GUEST CONTRIBUTOR POST: Brian G. Cartwright is senior advisor to Latham & Watkins LLP and a fellow of the Arthur and Toni Rembe Rock Center for Corporate Governance at Stanford University. Charles M. Nathan is a member of the corporate department in Latham & Watkins’ New York office, is co-chair of the firm’s Corporate Governance Task Force and is former global co-chair of the firm’s Mergers and Acquisitions Group. This post is exclusive to The Conference Board Governance Center.

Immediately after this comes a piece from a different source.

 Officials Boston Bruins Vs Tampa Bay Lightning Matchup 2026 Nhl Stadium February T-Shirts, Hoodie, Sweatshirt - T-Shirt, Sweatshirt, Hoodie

By Brian G. Cartwright and Charles M. Nathan

The SEC’s adoption of proxy access on Aug. 25 is a watershed event of potentially historic significance, climaxing over four decades of activist effort aimed at the boardroom.dodd-frank act

The legendary community organizer Saul Alinsky invented what he dubbed the “proxy tactic” during his late-1960s-era agitations against Eastman Kodak in Rochester, N.Y. As Alinsky wrote in his famous 1971 guide Rules for Radicals, before then “[n]o one had ever organized a campaign to use proxies for social and political purposes.”  But as Alinsky thought about the idea, “[s]oon I was intoxicated by the possibilities.  You could begin to play the whole Wall Street board up and down.”  While Alinsky realized that “corporations will fight back by pointing out that the … demands of the stockholders will result in diminished dividends,” he believed enough stockholders would find their campaigns “more important than a cut in dividends.”  Alinsky was so excited by his new idea, that he trumpeted the proxy tactic as “one of the single most important breakthroughs in the revolutions of our times.”

Well, now we shall see whether Alinsky was right.  At a moment when our economy is tottering, millions are unemployed with little hope of relief, and American economic dominance is challenged by aggressive new competitors in Asia, a bare party-line majority of the SEC has embarked on a grand experiment in politicizing the leadership of our businesses.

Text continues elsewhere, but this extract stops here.